Infected groin Lymph node and bone marrow biopsy

Hi All, I saw my Haemo woman yesterday for an unscheduled consultation. She was apparently contacted by my GP regarding a growing node in my groin, which is now a little sore, with accompanying yellow patch, which has since cleared.

She took fresh bloods, and give me a good physical, she says that my lymph nodes are getting larger.

As I am having a CT Scan on my neck, and a full body scan, on Monday, she will wait for the results of that, and the bloods, before she determines what treatment I need.

She mentioned that a Bone Marrow biopsy is likely, but she will know better when she has seen all the results, including the Ultra Sound two needle neck biopsy, which I am getting on the 12th September regarding the tumour found in my neck.

The thinking at the moment is hat the tumour is unrelated to my Chronic lymphocytic leukaemia (CLL) or a new Lymphoma.
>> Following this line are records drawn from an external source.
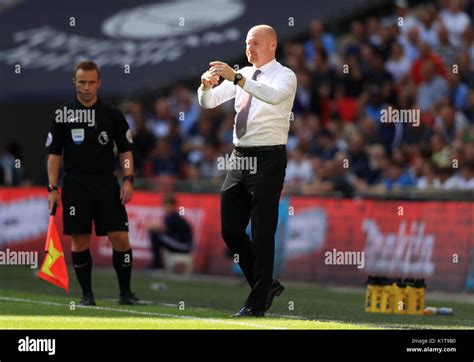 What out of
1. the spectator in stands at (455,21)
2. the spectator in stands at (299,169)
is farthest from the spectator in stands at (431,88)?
the spectator in stands at (299,169)

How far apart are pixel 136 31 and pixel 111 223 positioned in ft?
46.0

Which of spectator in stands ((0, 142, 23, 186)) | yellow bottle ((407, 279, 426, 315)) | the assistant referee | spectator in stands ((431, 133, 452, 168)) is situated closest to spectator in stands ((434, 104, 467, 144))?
spectator in stands ((431, 133, 452, 168))

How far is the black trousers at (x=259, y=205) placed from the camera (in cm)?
1363

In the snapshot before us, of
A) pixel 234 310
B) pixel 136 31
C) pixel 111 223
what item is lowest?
pixel 234 310

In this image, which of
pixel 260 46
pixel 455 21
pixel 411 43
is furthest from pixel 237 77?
pixel 411 43

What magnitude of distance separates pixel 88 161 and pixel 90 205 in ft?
1.47

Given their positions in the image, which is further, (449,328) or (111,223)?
(111,223)

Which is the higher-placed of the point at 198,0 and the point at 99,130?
the point at 198,0

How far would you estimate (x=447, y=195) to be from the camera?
20.3m

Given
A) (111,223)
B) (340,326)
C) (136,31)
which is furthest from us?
(136,31)

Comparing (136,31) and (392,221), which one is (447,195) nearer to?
(392,221)

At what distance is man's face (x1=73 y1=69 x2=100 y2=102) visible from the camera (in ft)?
49.0

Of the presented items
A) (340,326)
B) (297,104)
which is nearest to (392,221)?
(297,104)

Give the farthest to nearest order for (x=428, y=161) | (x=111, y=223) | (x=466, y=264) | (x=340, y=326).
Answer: (x=428, y=161)
(x=466, y=264)
(x=111, y=223)
(x=340, y=326) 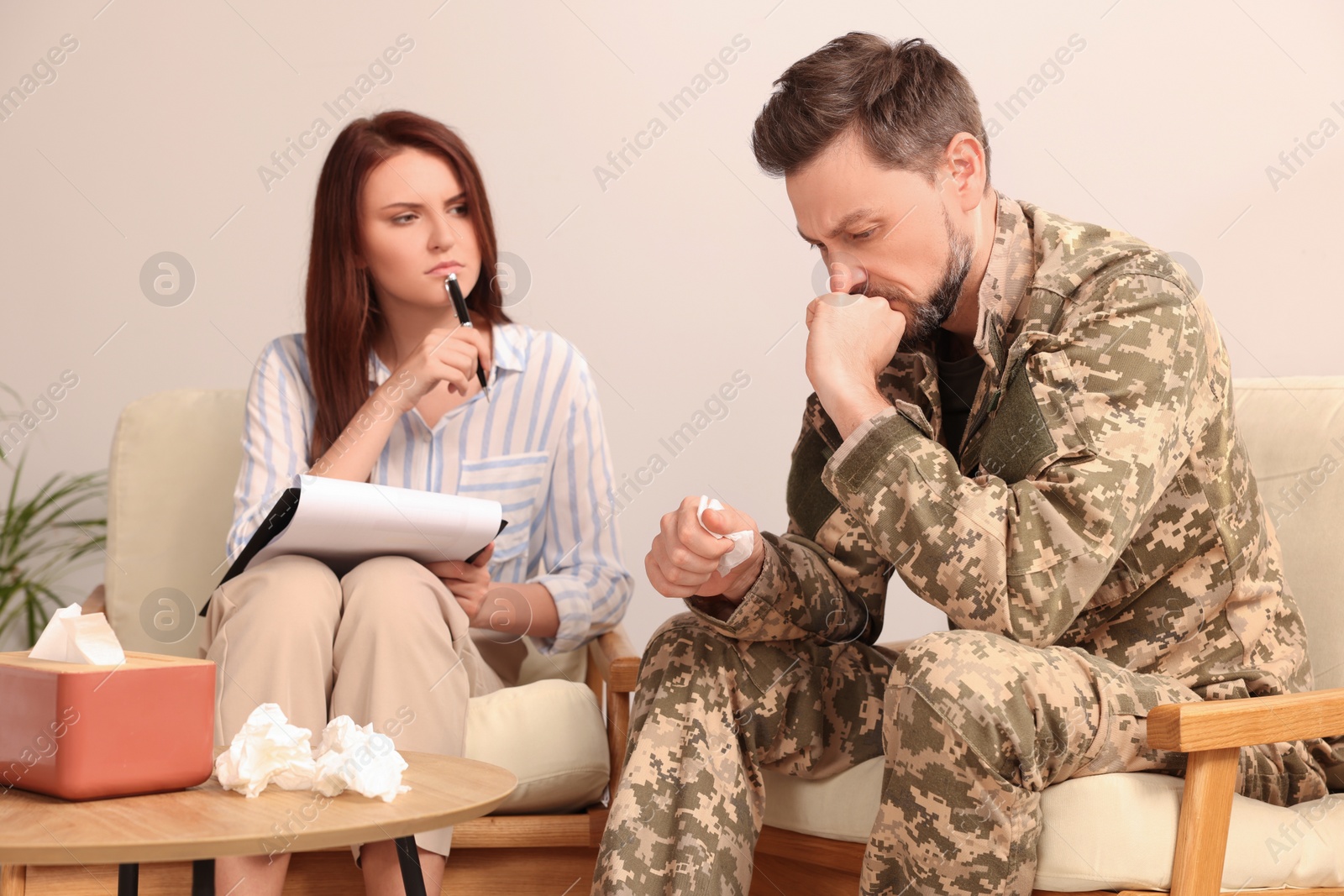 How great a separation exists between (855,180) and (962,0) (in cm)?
133

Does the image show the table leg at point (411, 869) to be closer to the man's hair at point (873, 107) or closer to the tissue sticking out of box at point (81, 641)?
the tissue sticking out of box at point (81, 641)

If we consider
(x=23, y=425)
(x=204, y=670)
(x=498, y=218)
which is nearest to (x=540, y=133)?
(x=498, y=218)

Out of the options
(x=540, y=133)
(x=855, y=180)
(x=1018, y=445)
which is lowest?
(x=1018, y=445)

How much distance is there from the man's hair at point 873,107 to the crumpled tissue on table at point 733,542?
1.35 ft

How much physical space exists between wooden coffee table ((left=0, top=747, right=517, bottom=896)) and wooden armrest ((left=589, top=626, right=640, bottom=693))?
17.8 inches

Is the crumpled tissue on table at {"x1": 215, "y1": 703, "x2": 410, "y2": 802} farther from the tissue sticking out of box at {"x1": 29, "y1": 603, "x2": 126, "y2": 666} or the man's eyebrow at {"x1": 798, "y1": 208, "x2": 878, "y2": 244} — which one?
the man's eyebrow at {"x1": 798, "y1": 208, "x2": 878, "y2": 244}

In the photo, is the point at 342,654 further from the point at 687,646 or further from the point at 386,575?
the point at 687,646

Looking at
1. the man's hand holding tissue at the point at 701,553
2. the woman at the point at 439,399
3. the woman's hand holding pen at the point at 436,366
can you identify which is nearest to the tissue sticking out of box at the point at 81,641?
the man's hand holding tissue at the point at 701,553

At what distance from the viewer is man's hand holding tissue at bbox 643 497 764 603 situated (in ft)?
4.27

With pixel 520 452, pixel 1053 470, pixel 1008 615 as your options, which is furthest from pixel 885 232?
pixel 520 452

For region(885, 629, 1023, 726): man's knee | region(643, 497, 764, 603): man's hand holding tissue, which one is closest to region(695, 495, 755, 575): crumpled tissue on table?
region(643, 497, 764, 603): man's hand holding tissue

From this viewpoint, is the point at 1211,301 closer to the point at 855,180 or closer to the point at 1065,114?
the point at 1065,114

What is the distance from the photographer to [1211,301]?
2361 mm

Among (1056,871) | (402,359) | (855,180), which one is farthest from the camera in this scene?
(402,359) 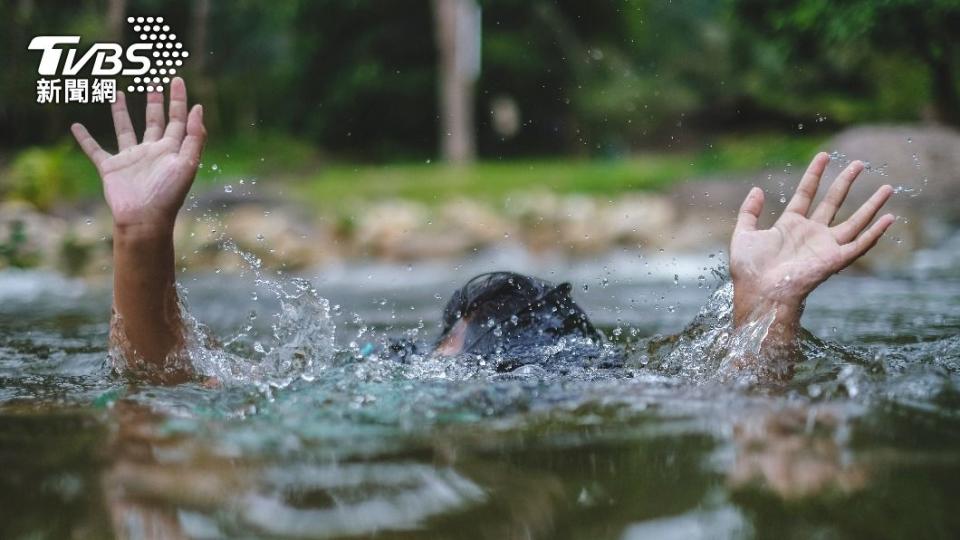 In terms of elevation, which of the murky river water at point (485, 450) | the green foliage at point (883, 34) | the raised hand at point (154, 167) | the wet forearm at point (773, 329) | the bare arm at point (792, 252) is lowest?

She did however say, that the palsy I have, could also be as a result of a Lymphoma, and sometimes (Albeit rarely)Chronic lymphocytic leukaemia (CLL)

I am wondering also if I have an infection in my groin as I have been having mild pain for about three weeks.

I am also interested in anyone who has had a bone marrow biopsy, she explained in detail what it entails, and it does not sound very pleasant.

She also arranged for me to have a the Pneumococcal, and Meningococcal whist I was there. I was supposed to get a Shingles one also, but as I was a little nervous about having so many at once, she said she was happy for me not to have it.

I seem to remember some years back, about an adverse comment on the Shingle Vaccine, can anyone elaborate.

At the end of the month I am getting another two vaccines similar to the ones I had yesterday.

I have to say that so far I have been impressed with this Locum Haematologist, she appears to be experienced and has recently moved here from London.

She was very attentive and has called me at home two times in the short time I have been referred to her. She stated that she will call me periodically for an update, and to call her if I feel any radical or concerning change in my symptoms.

She reassured my somewhat by explaining that she was getting everything in place, prior to the results of the Tumour Biopsy, and I am getting the impression, that regardless of the result, my Chronic lymphocytic leukaemia (CLL) will be promptly treated.

It is also worth mentioning, that many ‘Departments’ within the NHS, appear to be severely stretched currently, (Both Haematology and ENT) Iin particular, at my own local NHS Hospital.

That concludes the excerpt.